Richard Jacobs Pension and Trustee Services managing director Richard Jacobs thinks a lot of these businesses will not change and there will be a pregnant pause after the RDR deadline.
He says: “There are still lots of IFAs where half their business is still commission-led. How can they bring in new blood if they don’t know how to do business the new way themselves? But long term, I do believe it is going to be great for the industry. I wouldn’t have brought my daughter into the industry if I didn’t think it was going to be good.”
Jacobs thinks that as the auto-enrolment deadlines approach, most competition will come from accountancy firms.
“We are going to be very active. I don’t see competition from IFAs, but from accountancy firms. The businesses are quite happy to pay a fee to the accountants, with regards to Nest, but not pay IFAs, which comes back to fact that they see us as commission-driven salesmen.”
Reid sees the end of that commission system and the fact that advisers are better qualified may mean that corporate advisory firms are compensated for the fact they may have to pay advisers more, because the firm will have better risk management and less potential liability.
That liability issue is another reason why he suspects that firms will not take over other businesses to access their pool of advisers. “They may look for companies that are not trading actively. You may try and take the best people. Why would you buy their liabilities? I think there will be a lot more headhunting,” he adds.

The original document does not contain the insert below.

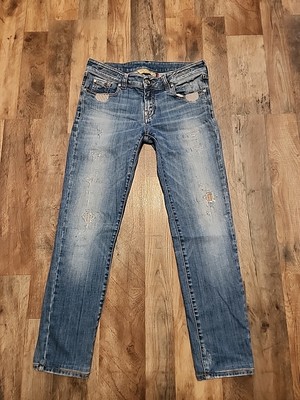 JACOB COHEN 711 SLIM  WOMEN'S JEAN Sz 31x29 Distressed patch work stretch Italy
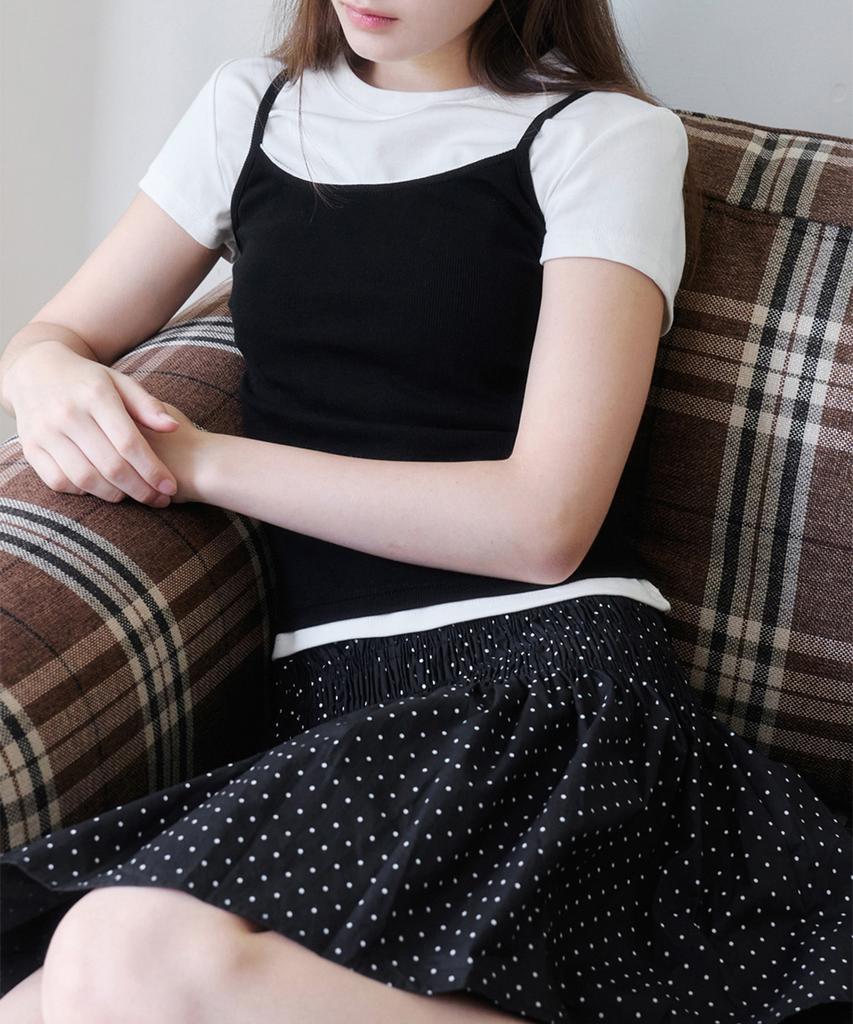 Alkialka Smocked Dot Skirt (Black)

Which is why on the whole consultancies think they can take the change in their stride.
Thomas adds: “If there is more of a shortage of the more expensive fully qualified advisers, perhaps we will start to direct those to the areas where people do need advice, the high value funds, those approaching retirement actually use the skills where they are needed rather than the more general approach. There is only so much money to go around. If firms see their income under threat they are going to have to find ways to deliver things more efficiently than always using highly paid advisers. We need to point them in the right direction. There is a bright future for qualified advisers.”
Gregory adds: “The measure of value that an employer receives from its staff is more than just financial; it is measured in the strength of the relationships it has with its clients and suppliers. We believe that better qualified and more professional advisers will have an affect on those relationships in a very positive manner.”